= Geology of Equatorial Guinea =

The geological basement of the central and eastern regions Equatorial Guinea is composed of Precambrian rocks which form a part of the Congo craton. They include gneiss, greenstone, schist-amphibolite and granitoids. These older rocks are overlain by sedimentary rocks of Mesozoic, Neogene and Quaternary age in the west and along the coast. The islands of Pagalu and Bioko (Annobon and Fernando Poo) are of relatively recent volcanic origin, forming a part of the Cameroon Volcanic Line.

== Tectonics ==

The Meso- and Cenozoic formation of the Atlantic rifting event show pre-, syn-, and post-rift tectono sedimentary units.

== Economic geology ==

There is no significant amount of mineral extraction in Equatorial Guinea. Artisanal gold mining occurs in rivers that come from the Precambrian rocks of the Río Muni.
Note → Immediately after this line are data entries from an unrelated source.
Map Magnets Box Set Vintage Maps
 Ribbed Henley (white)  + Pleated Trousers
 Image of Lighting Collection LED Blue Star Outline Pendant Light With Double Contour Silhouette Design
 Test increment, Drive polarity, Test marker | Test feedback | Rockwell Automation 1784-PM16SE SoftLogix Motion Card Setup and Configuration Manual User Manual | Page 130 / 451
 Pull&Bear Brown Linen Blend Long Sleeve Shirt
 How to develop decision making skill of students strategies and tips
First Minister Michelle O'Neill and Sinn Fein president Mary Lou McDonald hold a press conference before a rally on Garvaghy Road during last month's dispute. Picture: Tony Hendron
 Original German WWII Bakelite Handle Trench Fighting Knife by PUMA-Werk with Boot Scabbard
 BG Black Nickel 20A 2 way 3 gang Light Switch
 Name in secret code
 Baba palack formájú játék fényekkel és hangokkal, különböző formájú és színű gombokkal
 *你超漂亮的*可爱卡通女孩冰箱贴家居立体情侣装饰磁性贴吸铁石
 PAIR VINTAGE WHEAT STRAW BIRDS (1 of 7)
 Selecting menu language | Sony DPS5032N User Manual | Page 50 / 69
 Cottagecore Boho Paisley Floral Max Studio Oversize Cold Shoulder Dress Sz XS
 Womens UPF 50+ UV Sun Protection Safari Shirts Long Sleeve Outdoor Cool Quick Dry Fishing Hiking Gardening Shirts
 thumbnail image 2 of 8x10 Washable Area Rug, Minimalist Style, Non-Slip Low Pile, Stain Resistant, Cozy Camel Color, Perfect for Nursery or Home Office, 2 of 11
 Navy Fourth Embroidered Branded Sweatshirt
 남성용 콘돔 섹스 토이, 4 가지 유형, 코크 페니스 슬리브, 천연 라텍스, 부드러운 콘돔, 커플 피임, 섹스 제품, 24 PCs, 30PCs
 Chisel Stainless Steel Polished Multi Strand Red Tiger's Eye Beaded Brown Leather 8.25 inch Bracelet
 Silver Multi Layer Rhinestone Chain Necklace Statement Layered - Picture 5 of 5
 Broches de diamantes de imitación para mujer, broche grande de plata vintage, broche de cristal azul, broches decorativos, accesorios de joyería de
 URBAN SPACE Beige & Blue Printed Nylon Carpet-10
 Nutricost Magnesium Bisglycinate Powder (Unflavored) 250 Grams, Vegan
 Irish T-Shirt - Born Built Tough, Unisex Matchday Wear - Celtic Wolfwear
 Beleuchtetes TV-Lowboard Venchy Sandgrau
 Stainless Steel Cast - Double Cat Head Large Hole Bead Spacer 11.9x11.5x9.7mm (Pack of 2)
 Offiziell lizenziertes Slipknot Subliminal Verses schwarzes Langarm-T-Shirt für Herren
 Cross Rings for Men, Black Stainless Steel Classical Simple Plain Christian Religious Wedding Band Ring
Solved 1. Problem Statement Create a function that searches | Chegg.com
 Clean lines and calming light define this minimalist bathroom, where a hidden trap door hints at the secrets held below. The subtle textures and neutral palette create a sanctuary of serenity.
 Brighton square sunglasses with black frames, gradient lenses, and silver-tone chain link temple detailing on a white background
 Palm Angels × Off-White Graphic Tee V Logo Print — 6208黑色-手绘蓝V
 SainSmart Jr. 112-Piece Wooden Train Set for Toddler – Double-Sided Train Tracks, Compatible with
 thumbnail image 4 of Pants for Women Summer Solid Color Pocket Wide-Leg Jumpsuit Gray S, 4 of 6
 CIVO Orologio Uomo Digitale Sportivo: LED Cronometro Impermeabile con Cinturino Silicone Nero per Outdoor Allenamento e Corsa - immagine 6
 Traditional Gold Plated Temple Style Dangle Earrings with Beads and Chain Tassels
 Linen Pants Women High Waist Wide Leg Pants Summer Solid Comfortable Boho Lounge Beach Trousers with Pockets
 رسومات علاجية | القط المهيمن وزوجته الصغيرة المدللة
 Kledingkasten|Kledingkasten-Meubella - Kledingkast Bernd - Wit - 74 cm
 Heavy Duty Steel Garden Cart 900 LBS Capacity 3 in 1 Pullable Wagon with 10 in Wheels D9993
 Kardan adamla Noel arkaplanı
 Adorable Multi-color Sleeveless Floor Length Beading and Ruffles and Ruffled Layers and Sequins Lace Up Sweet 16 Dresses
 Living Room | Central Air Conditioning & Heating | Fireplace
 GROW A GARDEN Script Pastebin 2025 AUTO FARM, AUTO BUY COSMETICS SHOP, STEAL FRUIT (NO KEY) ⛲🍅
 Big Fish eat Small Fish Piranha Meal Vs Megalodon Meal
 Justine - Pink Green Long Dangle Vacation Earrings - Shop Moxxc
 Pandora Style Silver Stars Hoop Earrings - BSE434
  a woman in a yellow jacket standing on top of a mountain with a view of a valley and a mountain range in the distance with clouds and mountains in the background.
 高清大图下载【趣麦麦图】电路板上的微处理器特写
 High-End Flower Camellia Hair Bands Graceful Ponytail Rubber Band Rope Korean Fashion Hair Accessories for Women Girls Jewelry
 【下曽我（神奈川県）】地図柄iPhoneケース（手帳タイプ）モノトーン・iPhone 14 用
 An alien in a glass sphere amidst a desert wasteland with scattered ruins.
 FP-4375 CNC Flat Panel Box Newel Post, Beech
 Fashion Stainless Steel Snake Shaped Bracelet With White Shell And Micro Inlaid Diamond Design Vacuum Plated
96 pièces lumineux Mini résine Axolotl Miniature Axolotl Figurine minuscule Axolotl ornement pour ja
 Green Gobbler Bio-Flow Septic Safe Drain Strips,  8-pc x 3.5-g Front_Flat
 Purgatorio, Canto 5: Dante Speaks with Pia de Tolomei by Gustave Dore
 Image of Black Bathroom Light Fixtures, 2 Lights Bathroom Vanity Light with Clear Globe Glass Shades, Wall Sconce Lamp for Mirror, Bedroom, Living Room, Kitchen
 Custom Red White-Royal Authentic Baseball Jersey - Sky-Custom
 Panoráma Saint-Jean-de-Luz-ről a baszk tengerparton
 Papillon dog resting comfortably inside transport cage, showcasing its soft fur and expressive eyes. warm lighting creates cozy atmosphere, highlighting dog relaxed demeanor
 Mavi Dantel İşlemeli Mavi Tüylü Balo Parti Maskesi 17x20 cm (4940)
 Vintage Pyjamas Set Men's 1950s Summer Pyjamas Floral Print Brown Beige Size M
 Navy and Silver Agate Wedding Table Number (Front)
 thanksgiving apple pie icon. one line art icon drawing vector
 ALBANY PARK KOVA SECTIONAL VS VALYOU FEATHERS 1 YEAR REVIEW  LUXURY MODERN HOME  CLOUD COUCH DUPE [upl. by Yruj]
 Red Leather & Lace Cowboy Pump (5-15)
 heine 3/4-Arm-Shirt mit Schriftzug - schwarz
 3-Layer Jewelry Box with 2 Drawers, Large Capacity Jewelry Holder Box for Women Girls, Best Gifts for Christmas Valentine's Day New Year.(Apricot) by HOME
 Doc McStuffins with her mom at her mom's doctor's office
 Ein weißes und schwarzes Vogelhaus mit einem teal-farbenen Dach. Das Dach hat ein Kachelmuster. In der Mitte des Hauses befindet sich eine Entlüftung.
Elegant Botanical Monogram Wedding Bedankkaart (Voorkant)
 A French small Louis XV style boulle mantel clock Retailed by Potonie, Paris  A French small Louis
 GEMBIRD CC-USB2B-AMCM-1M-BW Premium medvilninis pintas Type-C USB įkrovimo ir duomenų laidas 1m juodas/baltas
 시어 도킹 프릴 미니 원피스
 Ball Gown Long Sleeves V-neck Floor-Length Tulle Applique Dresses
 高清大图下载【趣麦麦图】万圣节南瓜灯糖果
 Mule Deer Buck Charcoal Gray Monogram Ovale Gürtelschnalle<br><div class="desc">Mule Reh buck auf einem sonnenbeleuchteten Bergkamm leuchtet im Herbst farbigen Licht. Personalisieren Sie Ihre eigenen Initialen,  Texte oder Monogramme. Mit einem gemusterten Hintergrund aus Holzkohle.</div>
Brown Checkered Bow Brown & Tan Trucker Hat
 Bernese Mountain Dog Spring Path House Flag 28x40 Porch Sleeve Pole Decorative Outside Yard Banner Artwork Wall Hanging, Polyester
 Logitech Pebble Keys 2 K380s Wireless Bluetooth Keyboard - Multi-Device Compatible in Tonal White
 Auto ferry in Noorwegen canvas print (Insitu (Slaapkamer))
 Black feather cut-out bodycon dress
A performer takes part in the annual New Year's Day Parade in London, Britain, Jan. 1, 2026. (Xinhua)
Additional minerals mined are: diamonds, coltan, iron, bauxite, tin, and tungsten

In contrast, Equatorial Guinea is the fourth leading exporter of petroleum in Africa, which contributes significantly to the country's GDP. The country is also seventh in Africa for production of crude oil and the ninth largest producer of natural gas. The reserves are estimated at 150 Mt and 36.81 billion m^{3}, respectively. An increase of production of crude oil has had a significant positive impact on Equatorial Guinea's economy. Since Equatorial Guinea relies so heavily on crude oil, the crude oil price drops in 2009 and 2014 had a measurable effect on the economy.

== Geohazards ==

Volcanic eruptions may occur on the islands of Bioko and Pagalú. Three amalgamated strato-volcanoes exist on Bioko.